*What the task requires*
The line with "海商法 pdf epub mobi 电子书 下载" through the last line of the entries: give these again exactly, and only these, without any pictures.
Material provided below:
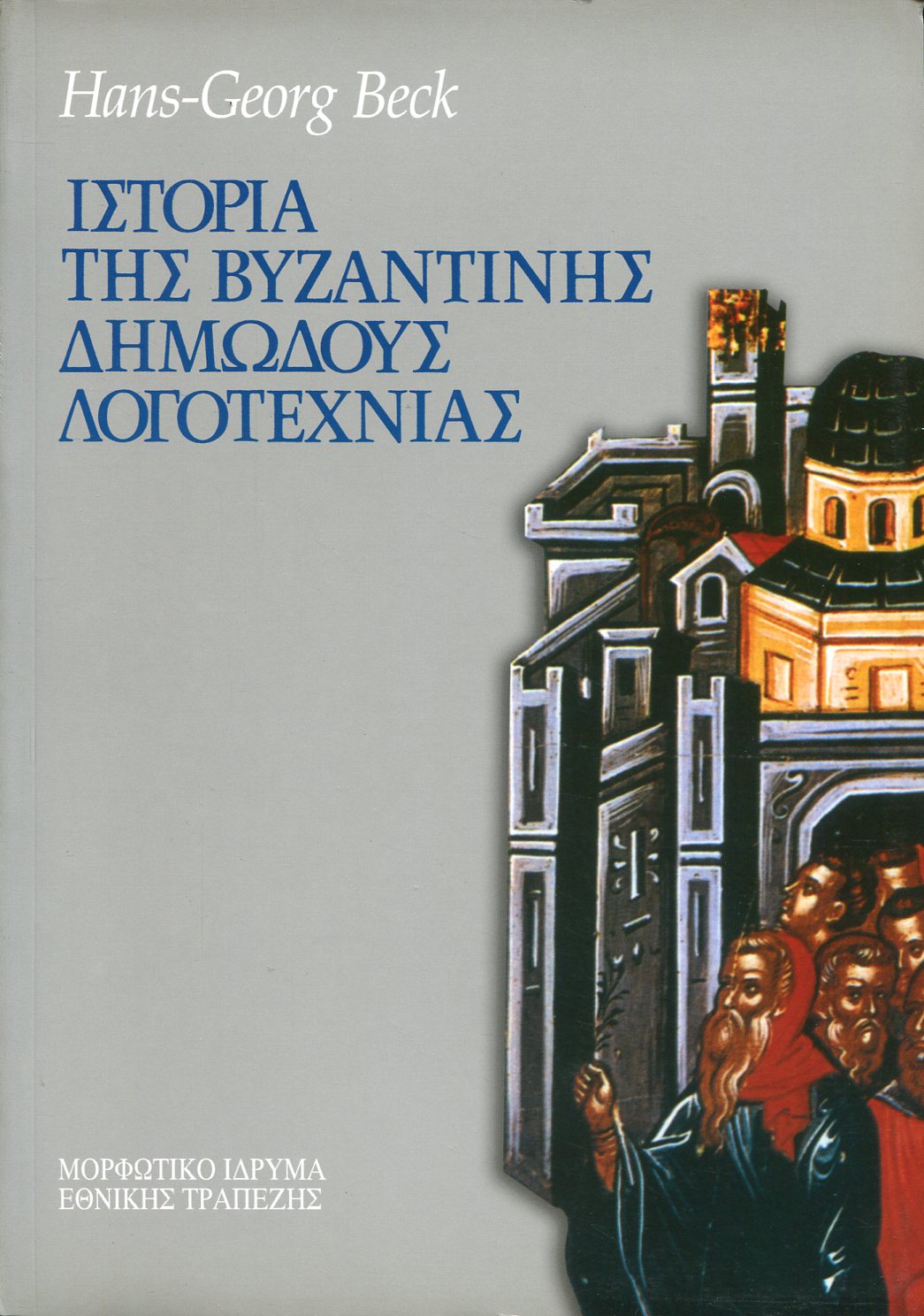 ΙΣΤΟΡΙΑ ΤΗΣ ΒΥΖΑΝΤΙΝΗΣ ΔΗΜΩΔΟΥΣ ΛΟΓΟΤΕΧΝΙΑΣ 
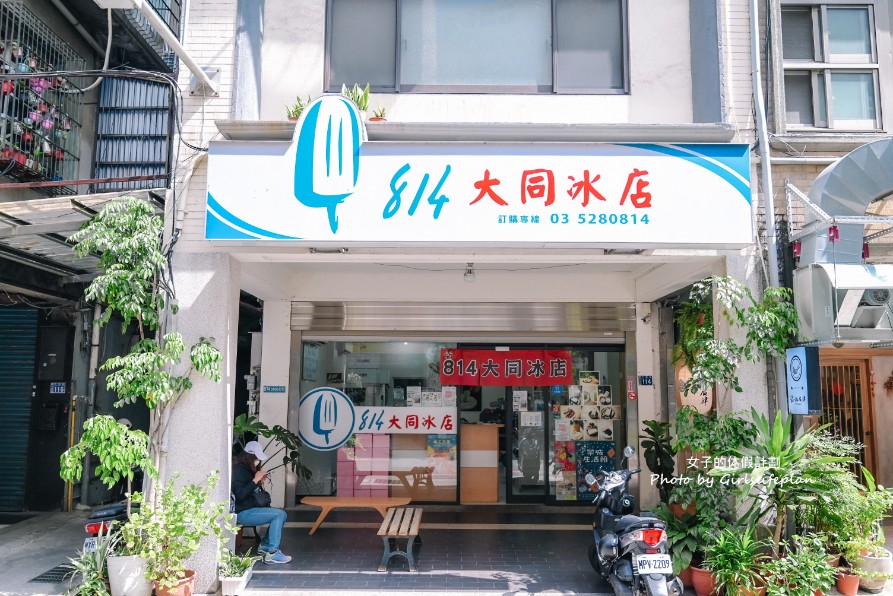 814冰棒大同冰店｜在地人也愛古早味枝仔冰冰棒通通只要14元(交通) @女子的休假計劃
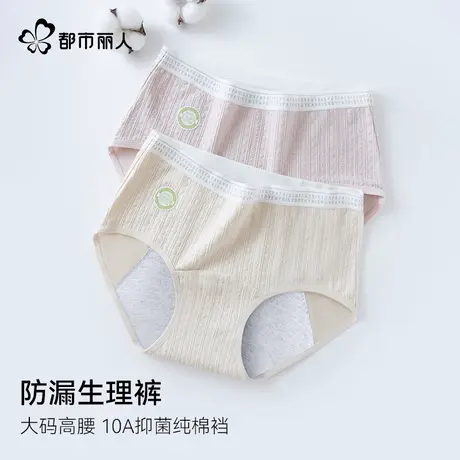都市丽人内裤女防侧漏新款7A抑菌200斤胖MM大码女生姨妈期生理裤图片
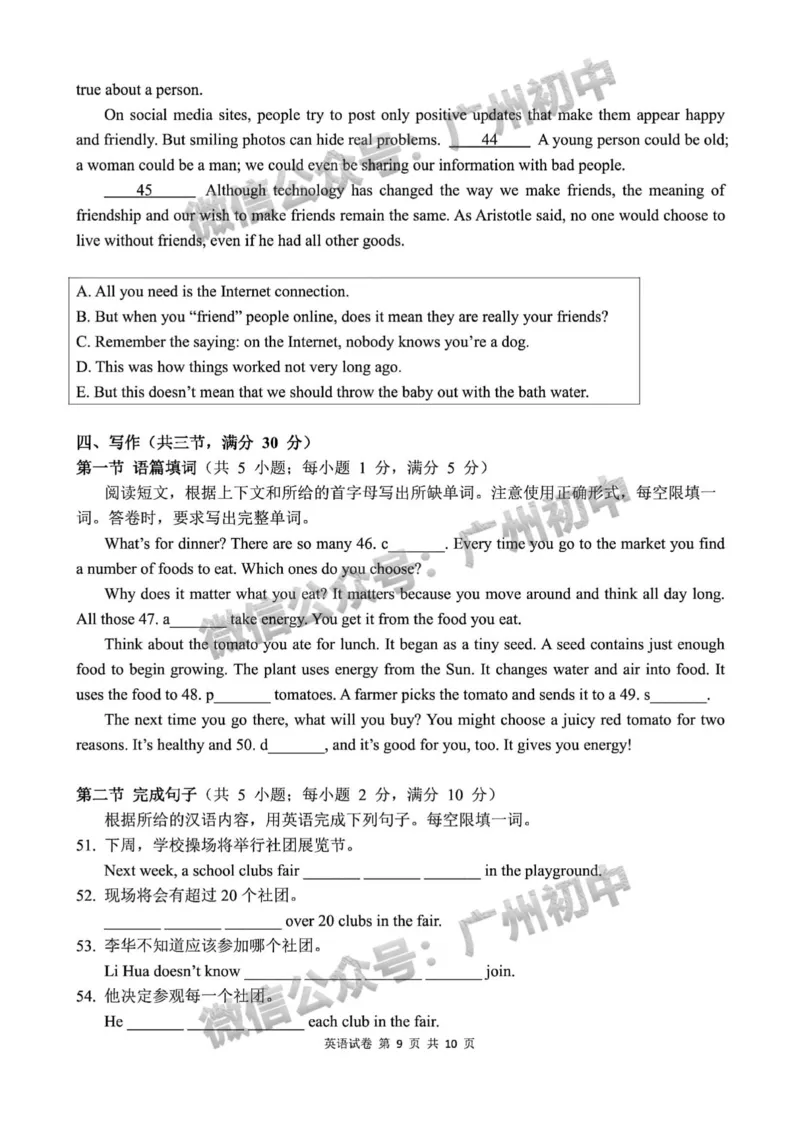 2025广东广雅中学中考二模英语试题_广州九上月考+期中+期末+一模二模+中考真题_2025中考二模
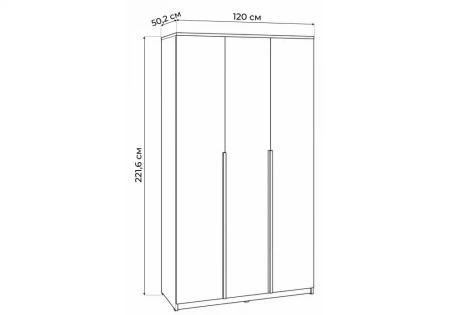 Шкаф Woodville Кротос 120 3-х ств цемент темный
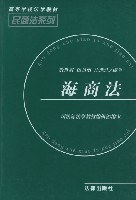 海商法 pdf epub mobi 电子书 下载
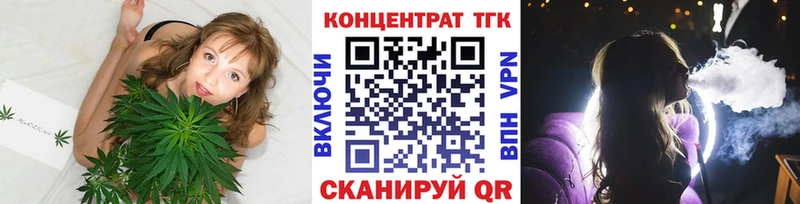 что такое   ОМГ ОМГ ссылки  Дистиллят ТГК Wax  Юрьевец 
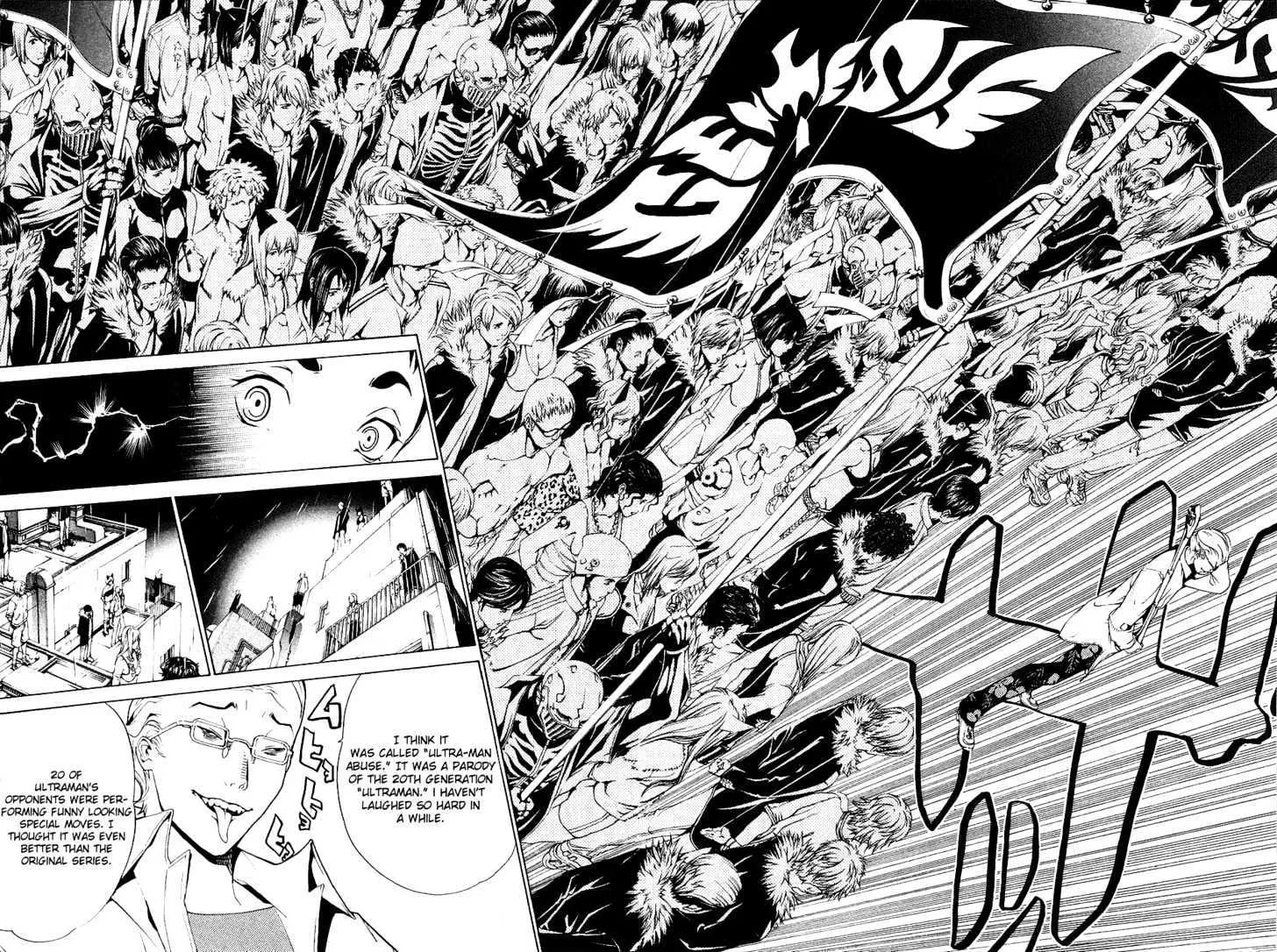 Air Gear - Page 15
End of Material provided.
*Problem solution*
 海商法 pdf epub mobi 电子书 下载
 что такое   ОМГ ОМГ ссылки  Дистиллят ТГК Wax  Юрьевец 
 Air Gear - Page 15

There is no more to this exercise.